Moving forward, what kind of trends and developments can we expect from the UCC industry? SI Asia’s Shireen Ho caught up with Michael Frendo, Executive Vice President, Engineering of Polycom to find out more.
The Changing Face of Visual Collaboration
Over the years, video collaboration has become much more dynamic. The solution is no longer “one size fits all”. Traditional VC rooms which comprised of a screen and a camera at the end of a room and long table are beginning to see slower growth rate as the market becomes saturated.
“It’s still selling and it’s a good market, but it’s not a market that is proliferating,” said Michael. “What the market now needs are solutions that can address work spaces more appropriately according to their needs. When you consider what the spaces are used for and how they are being used, you open up a door to video collaboration in a much broader way… So you combine that aspect with the knowledge that people are much more comfortable with video now because it’s everywhere – on your mobile devices, laptops and tablets.”

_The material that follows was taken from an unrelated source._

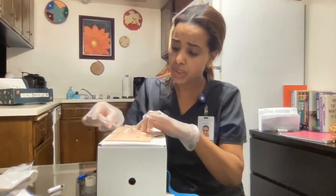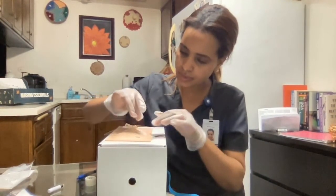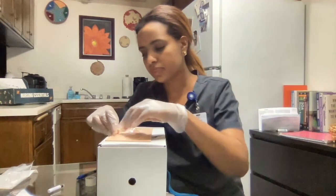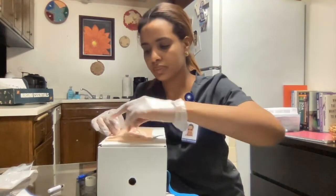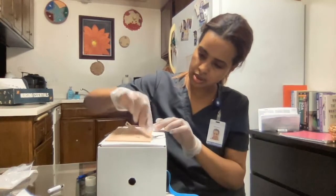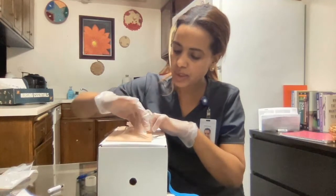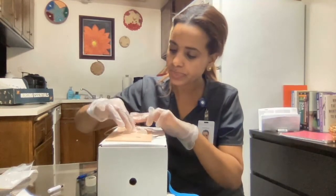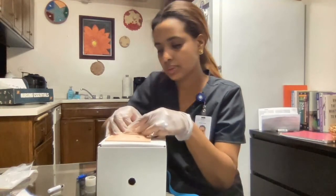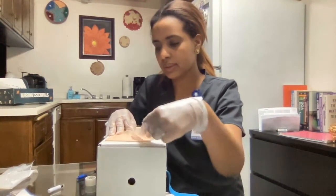After applying the dressing, I make sure it is nicely placed and not blocking anything. Now I'm going to put my initials, the date, and the gauge size on the label. Then I'll place a tape to secure the extension tubing — make sure there are no kinks and nothing is blocked. This is how we secure an inserted IV, and make sure you do not forget to clamp it.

…Historically, customers had to adapt to the way video was delivered, but now we are able to make visual collaboration tools adapt to the way people work.
Workplace of The Future
We have been talking about “Workplace of The Future” for a while now. However, in many experts’ view, the “workplace of the future” is no longer in the future, but it is here, right now, happening in our offices and workspaces. How would Michael define this workplace and in his opinion, what are the main drivers of this revolution?
“From what I see, there are three dimensions to this. Firstly, technology. Looking at how technology has evolved, a great deal of it is about interconnectivity and mobility. The world is becoming hyper connected, and people are expected to be connected to everything all the time.”
It’s true, compared to slightly more than a decade earlier where email was king, today’s communication channels have evolved greatly. We use chat applications like Whatsapp, WeChat and social media tools like Facebook, LinkedIn and Twitter to connect with people and broadcast our thoughts. As time goes by, we are now expected to be connected and responsive at all times.
According to Michael, the second dimension to workplace of the future will be the generational shift. As more and more people coming up in the workforce today are millennials, they are beginning to have more influence over the way we work.
“The millennials are expected to join the majority of the workforce in the next 5-10 years, and they are very different from previous generations. Being digital natives, they have been around technology since they were born. So their expectations and their comfort with technology is different,” he explained.
Millennials eat, live and breathe technology. There is no resistance to use technology or try out new ideas / devices. They are the first generation who embrace visual collaboration as a preferred means of communication – which is interesting because they somewhat skipped the audio conferencing stage and went straight from chat to video.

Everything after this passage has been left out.